This short contribution shall be an example for what one can expect form following articles in this project. The goal of this paper is to visualize the similarity between the five biggest parties within the swiss parliament and six well known and influential organizations. The underlying question to this article is: “Do we see similarities between actors which are commonly known as political close to each other or not?” Each actors’ official press release statements from their homepage were used to build a text corpus containing around 7’400 press releases from 2010 to April 2018. The results are quite interesting as they show some surprising similarities.


But first let us look at the data. To see how similar parties and organizations are to each other one needs suitable data. This data is publicly available from webpages and social media accounts for most actors of importance to the political live in Switzerland. The only thing that needs to be done is to collect all the data in a database.

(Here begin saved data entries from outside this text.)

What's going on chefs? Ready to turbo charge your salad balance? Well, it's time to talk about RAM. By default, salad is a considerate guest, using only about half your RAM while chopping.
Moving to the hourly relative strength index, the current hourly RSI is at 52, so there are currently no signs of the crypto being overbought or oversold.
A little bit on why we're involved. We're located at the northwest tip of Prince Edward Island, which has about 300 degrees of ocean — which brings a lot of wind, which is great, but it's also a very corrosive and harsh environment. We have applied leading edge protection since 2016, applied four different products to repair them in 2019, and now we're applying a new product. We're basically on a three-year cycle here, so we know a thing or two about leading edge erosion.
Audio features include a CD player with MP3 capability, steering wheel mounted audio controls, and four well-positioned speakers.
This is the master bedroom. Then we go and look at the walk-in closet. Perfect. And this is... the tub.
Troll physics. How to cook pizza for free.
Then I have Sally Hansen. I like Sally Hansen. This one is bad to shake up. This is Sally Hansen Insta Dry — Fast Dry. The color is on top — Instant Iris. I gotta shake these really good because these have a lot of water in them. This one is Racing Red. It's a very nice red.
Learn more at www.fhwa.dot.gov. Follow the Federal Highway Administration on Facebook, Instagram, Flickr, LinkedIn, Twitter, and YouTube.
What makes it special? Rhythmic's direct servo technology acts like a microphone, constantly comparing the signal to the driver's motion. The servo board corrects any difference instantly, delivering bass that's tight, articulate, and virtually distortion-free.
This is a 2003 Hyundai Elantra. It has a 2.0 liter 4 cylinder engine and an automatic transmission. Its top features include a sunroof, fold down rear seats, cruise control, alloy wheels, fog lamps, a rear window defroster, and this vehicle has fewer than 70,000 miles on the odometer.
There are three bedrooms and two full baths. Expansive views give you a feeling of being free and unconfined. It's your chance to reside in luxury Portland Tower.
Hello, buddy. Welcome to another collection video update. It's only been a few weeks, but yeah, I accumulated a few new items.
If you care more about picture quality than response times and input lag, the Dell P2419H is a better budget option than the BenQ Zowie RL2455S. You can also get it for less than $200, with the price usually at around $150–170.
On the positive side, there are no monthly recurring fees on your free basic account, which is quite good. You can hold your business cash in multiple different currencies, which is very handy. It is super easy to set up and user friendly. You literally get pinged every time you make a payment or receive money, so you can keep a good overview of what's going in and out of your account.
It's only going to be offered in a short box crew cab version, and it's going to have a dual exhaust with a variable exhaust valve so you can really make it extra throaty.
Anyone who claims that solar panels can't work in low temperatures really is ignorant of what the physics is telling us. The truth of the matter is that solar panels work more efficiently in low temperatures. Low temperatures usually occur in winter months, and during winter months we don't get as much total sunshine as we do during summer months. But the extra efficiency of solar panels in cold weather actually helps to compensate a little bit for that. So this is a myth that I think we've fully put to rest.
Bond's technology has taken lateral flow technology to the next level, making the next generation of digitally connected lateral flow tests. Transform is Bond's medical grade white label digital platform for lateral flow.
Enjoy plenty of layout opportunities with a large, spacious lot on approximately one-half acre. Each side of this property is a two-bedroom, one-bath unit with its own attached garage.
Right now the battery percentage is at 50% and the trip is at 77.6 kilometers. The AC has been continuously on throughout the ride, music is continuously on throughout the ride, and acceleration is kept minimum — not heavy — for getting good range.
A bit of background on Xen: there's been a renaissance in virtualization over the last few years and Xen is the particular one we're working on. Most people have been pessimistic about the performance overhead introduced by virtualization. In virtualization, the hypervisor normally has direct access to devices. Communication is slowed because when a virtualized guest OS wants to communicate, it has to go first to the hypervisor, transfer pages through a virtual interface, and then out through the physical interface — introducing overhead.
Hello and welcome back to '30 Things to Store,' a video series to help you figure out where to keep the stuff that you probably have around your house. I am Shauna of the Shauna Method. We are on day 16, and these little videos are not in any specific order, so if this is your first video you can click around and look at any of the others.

This is done in this very project. Hence, it is easy to build a data set containing only all the press releases of a specific set of actors already accessible in our database.

In this work we settle for the five biggest parties in the parliament which are the people’s party of Switzerland (SVP), the social democratic party of Switzerland (SPS), the FDP the liberals (FDP), the Christian democratic people’s party of Switzerland (CVP) and the green party of Switzerland (GPS). Additionally, we select six organizations we believe to be of great importance to the political process in Switzerland. These are the Economie Suisse, the swiss framers union (SBV), the swiss trade union confederation (SGB), the swiss business association (SGV), the swiss bankers association, and Travail Suisse. For our analysis we use all press releases published by them on their official webpage from 2010 to April 2018. This includes 7’421 published press releases, which results in a text corpus of over 1.5 million n-grams after stemming without stop words.


To get similarity values between all different actors there are several different formulas which could be used to obtain his. We settle for the Jaccard similarity coefficient.

The formula for this is

`J(A,B) = (|A \cap B|)/(|A \cup B|)`

The index is also known simply as the Jaccard index. The Jaccard coefficient measures nothing else than the similarity between different sample sets. Unfortunately, if we apply this Jaccard similarity to all actors on the whole set of texts we get results which are not very useful. The issue here is that not all samples have the same size. Some have much more text published than others, which results in different similarity values when comparing the smaller actor with the bigger actor and vice versa.

Therefore, we extract the 500 most frequent adjectives, nouns and keywords from each actors’ corpus and produce a similarity matrix for each of these types. This results in useful similarity values which are quite similar for each type between each actor. To display the results nicely in one plot the similarity matrices are pooled with the arithmetic mean of the similarity of all three matrices.

The keywords were extracted with the rapid automatic keyword extraction algorithm (RAKE). This algorithm looks for keywords by looking at contiguous sequence of words which do not contain irrelevant words. The process behind calculates a score for each word which is part of any candidate keyword (in our case adjectives and nouns). This is achieved through the algorithms counting how many times each word is occurring and how many times it co-occurs with other words. From this a score is calculated for each word. This is the ratio of how many times it co-occurs with other words to the word frequency. Then the RAKE score for the full candidate keyword is calculated by summing up the scores from each of the words which define the candidate keywords. This particular step ensures that the results we have are to some degree topics that are used frequently by each actor. Hence, we are to some degree able to see which actors share topics with each other and which do not.




  • Niwattanakul, Suphakit, Jatsada Singthongchai, Ekkachai Naenudorn, and Supachanun Wanapu. 2013. “Using of Jaccard Coefficient for Keywords Similarity.” International MultiConference of Engineers and Computer Scientists I(March): 380–84.
  • Rose, Stuart, Dave Engel, Nick Cramer, and Wendy Cowley. 2010. “Automatic Keyword Extraction from Individual Documents.” Text Mining: Applications and Theory (March): 1–20.